Note these editing traces were written by 2 users typing concurrently, so the editing positions "ping pong" around a lot more than they will in other traces in this folder.

These datasets are pure ASCII.

clownschool_flat is split into proper user editing transactions, and also contains full timestamp information for every keystroke down to 1 second precision.

This data set is provided under the CC BY 4.0 license.

json-crdt-patch and json-crdt-blog-post

The json-crdt-* traces were collected by Vadim Dalecky at JSON Joy while designing and implementing a JSON-like CRDT.

The json-crdt-patch trace was collected while drafting the JSON CRDT Patch specification. There was also another trace collected while drafting the JSON CRDT specification, but unfortunately the collected raw VSCode trace is corrupt.

The json-crdt-blog-post trace was collected while drafting the List CRDT Benchmarks and Blazing Fast List CRDT blog posts.

These data sets are provided under the CC BY 4.0 license by JSON Joy.

Unicode lengths. Oh my!

tldr: If you don't want to think about unicode while benchmarking, use the variants in the ascii_only/ subdirectory. That directory contains copies of the traces where all non-ascii characters are replaced with underscores.


There's lots of different ways to count the "length" of a string. These are:

  • Number of UTF8 bytes
  • UCS2 length
  • Number of unicode codepoints
  • Number of grapheme clusters (printed characters)
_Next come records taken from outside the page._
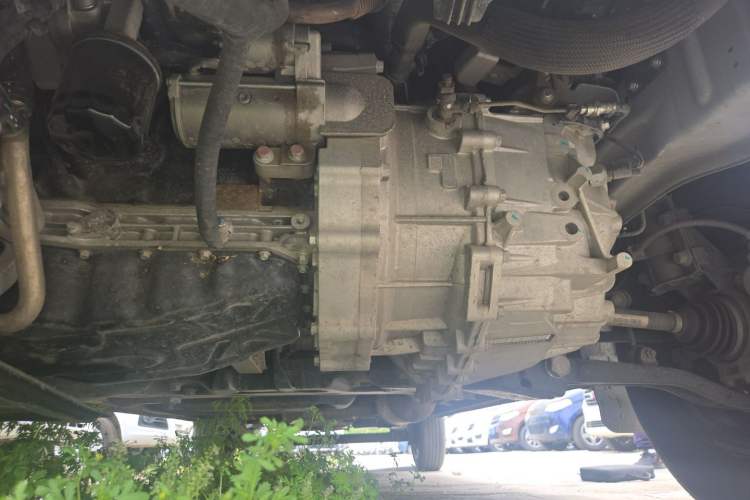 Used SAIC MAXUS Xintu V80 2025 PRO Aoyuntong 2.0T Manual Long Wheelbase Mid-Height 6/7/8/9-Seater Chassis Front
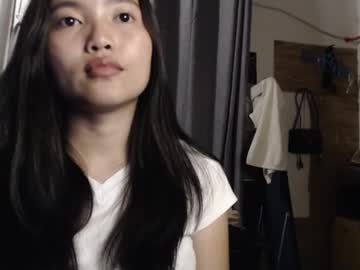 girl
        imyourkesiah cam image #4427870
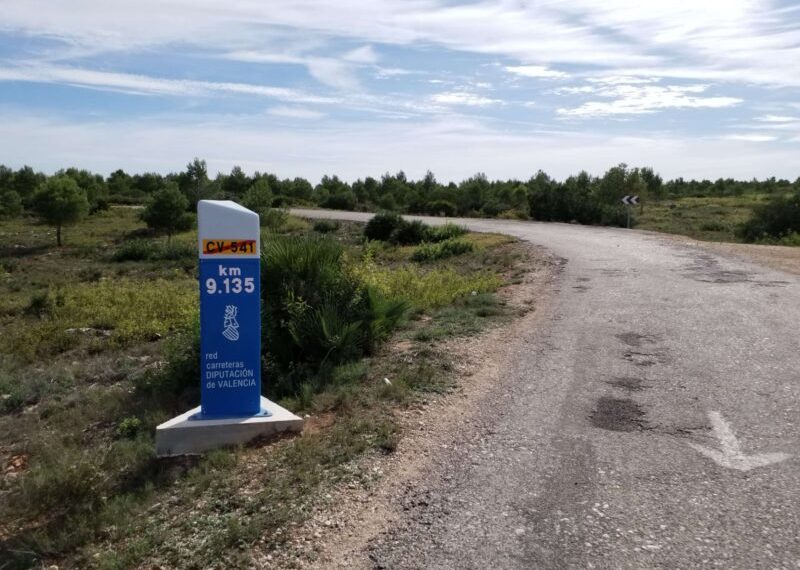 La Diputación de Valencia acondicionará la carretera de acceso al Embalse de Tous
To make matters worse, different languages pick different defaults:

  • Some languages natively measure strings by counting UTF8 bytes, like Rust and Go
  • Some languages natively measure strings by counting the UCS2 length, like Javascript, C#, Java, Obj-C and others

This is a problem, because if you do the naive thing in your language - and write code like this:

for (const [pos, delHere, insContent] of patches) {
  content = content.slice(0, pos) + insContent + content.slice(pos + delHere)
}

Then string.slice() needs to interpret the positions correctly.
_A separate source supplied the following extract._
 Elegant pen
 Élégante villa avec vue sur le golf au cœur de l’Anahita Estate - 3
The data sets included here specify positions using unicode codepoints - which isn't the native encoding for any language. I like counting codepoints because its language-agnostic and it makes more sense for CRDTs.

To process these editing traces correctly, we can think about 3 "types" of characters in a document:

  1. ASCII characters. These have a "size" of 1 in all measurements, in all languages. Simple and easy. The automerge-paper and sveltecomponent datasets only contain ASCII characters.
  2. Codepoints from U+0080 to U+FFFF. These have a size 1 in UCS2 languages (javascript, java, C#, ...). But the number of UTF8 bytes is more than 1 - so in Rust and Go they'll appear "longer". The rustcode and seph-blog1 datasets contain some characters in this unicode range.
  3. Codepoints from U+10000 and up. The UCS2 length and UTF8 byte length will be more than 1 in all languages. None of the datasets contain characters in this unicode range.

Since I'm counting positions & deleted lengths using unicode codepoints, all of these 3 categories are counted as "1 character" for the purpose of edit positions and delete lengths. Because none of these data sets (so far) use anything in group 3, you can naively use string.slice() in javascript, and equivalents in Java, C#, etc.

But if your code expects offsets to be specified by counting UTF8 bytes (eg in Rust or Go), you can't use the lengths in some data sets directly. You have 2 choices:

  1. Convert all positions & deleted lengths to byte offsets. (Here's some rust code that does that). Or
  2. Use the dataset copies in the ascii_only/ directory. These have non-ASCII characters replaced with underscores ('_').

Using the ascii_only variants should be fine for most benchmarks - there's only a few sporadic non-ASCII characters anyway. But there is definitely an English-speaking bias to this. I'd really like to have some data sets where the whole editing trace is in another language - especially a non-european language (where almost none of the characters are ASCII). If you speak another language, please contribute!